Real estate broker working with Linear Regression on imbalanced data
I used Housing price data for this analysis. Previous blog based on the same dataset are:
The objective of this linear regression is to predict housing prices (in Millions) based on other features like area, number of bedrooms, parking facility, etc. Except for area, other variables are either binary or discrete variables.
After performing a forward feature selection with necessary transformations based on residual analysis, this is the equation I came uo with:
price ~ ln(area) + stories + bathrooms + airconditioning + prefarea + parking + basement + hotwaterheating + mainroad + D(furnishing_status)
Looks decent, but since I used a lot of features I want to check for overfitting. So I do a test-train split. (Can do Cross Validation as well, but the test train split will help we show the global fit — local fit trade off)
A perfect y_pred vs y_test plot will be a 45-degree straight line (the red dashed one). However, we have some residuals, so our plot should scatter around the 45-degree line (meaning no bias in prediction). If the width of the scatter (variance) around the 45-degree line is constant, it’ll help us quantify the uncertainty in the predictions we make.
For instance, since the residual standard deviation is 1.2 Million, I should be able to tell with 95% confidence that the true price will be within a +/- 2.4 M range. (Approx interval. For exact, one should calculate the prediction interval)
Most of the points within the green circle satisfy these criteria. They are scattered well around the 45-degree line with constant variance. These predictions can be made well.
But the points inside the red circle are being systematically under-estimated. Basically, the model under-estimated the prices of costly homes. Why?
One definite reason is that the dataset has very few cases of costly homes as you can see in the plot itself. Most houses cost less than 8M.
The OLS linear regression optimizes for a global fit. It just tries to minimize the overall residuals (RMSE). As a result, it makes sense for the regression line to cut across densely populated points to reduce the residual there. A huge one-off residual is less than hundreds of small residuals.
In more technical words, in OLS each point has equal weightage. Costly houses, being less in number, will have less weightage in influencing the regression model. Cheaper houses influenced the model more being more in number. And thus the resultant model under-estimates the price of costly houses.
领英推荐
If I am a real-estate broker, how should I use my model now?
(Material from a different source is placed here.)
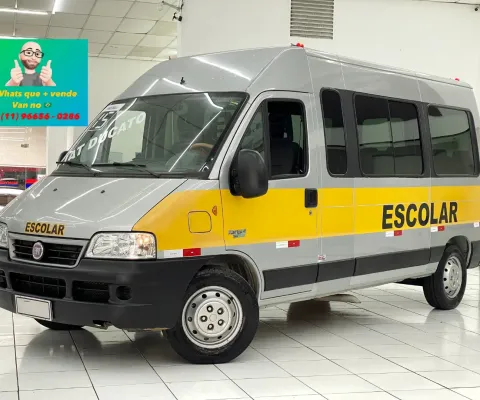 Fiat - Ducato Escolar 20 lugares (19+1) Novíssima!!!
Internet is aplenty with what to do when there is imbalance in the dataset. Most of them has something to do with creating synthetic data (SMOTE, upsampling etc). However, I will stick with the raw data for now and discuss various ways of dealing with our model. We can appreciate better these other methods as well by the end.
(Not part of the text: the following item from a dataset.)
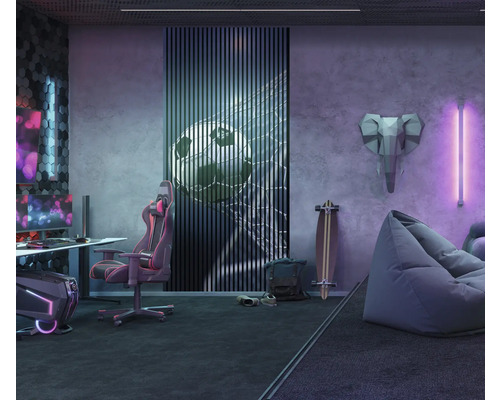 Gaming-Zimmer mit Schreibtisch, Stuhl, Sitzsack und dekorativen Elementen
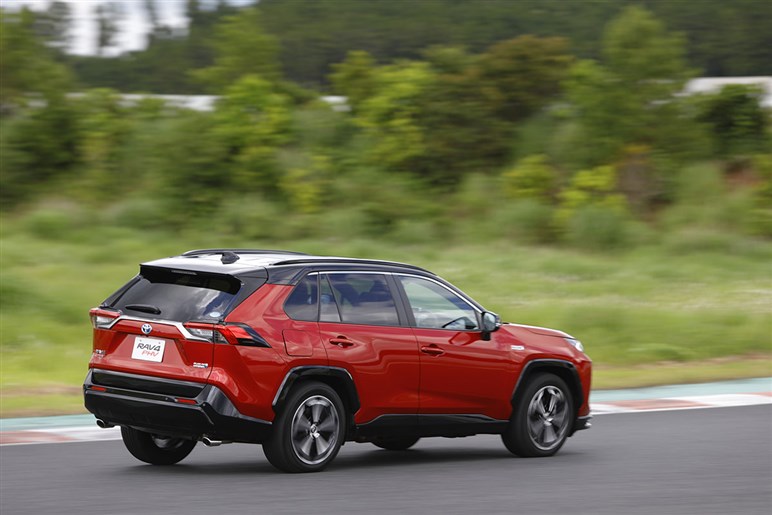 これはハリアーより…RAV4 PHVは新世代システム搭載で0-100＝6秒、EV航続距離95kmの充実スペック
1. Be an efficient middle-class (local) broker:
If a client asks for a massive, fully furnished, main-road facing house with 3-4 bedrooms etc., (features of those costly homes) — I will refrain from predicting a price for them. Or give my prediction as a liberal lower bound. In technical terms, I’ll infer only about the population my sample data most represents and I’ll do it well.
2. Be a less efficient global broker:
I would gain more commission on selling costly houses, not middle-class ones. So, I want to be able to predict prices of costly homes fairly well. How? I can do that by increasing the weightage of these costly homes during the RMSE optimization. This is Weighted Least Squares (WLS) Regression.
The z-score of price is chosen as weights in this. So that outliers would get more weight. There are other standard ways of taking weights as well, depedning on what you want to acheive.
Now I can predict costly houses price better than before. Atleast till upto 10M. If I further adjust weights, I may do even better. But can you see what I’ve lost?
I’ve lost my efficiency. Overall residuals have increased (OLS reduces the most in Linear Regression. Anything but that will increase them). My performance with middle-class homes deteriorated.
Basically, I traded my efficiency with a majority of houses with some efficiency at costly houses.
It is not necessarily bad.
If my compromised efficiency is still practical enough in real world, I can actually become a better broker with this weighted least squares regression.
3. Explore Generalised Linear models (GLM) or other ML models
WLS is one such GLM. But we can also try others like fitting two different lines — one for middleclass homes and one for rich. Or we can explore other ML models like Decision Trees Regressor, SVM, etc. However, they may not be as explainable as Linear Regression models.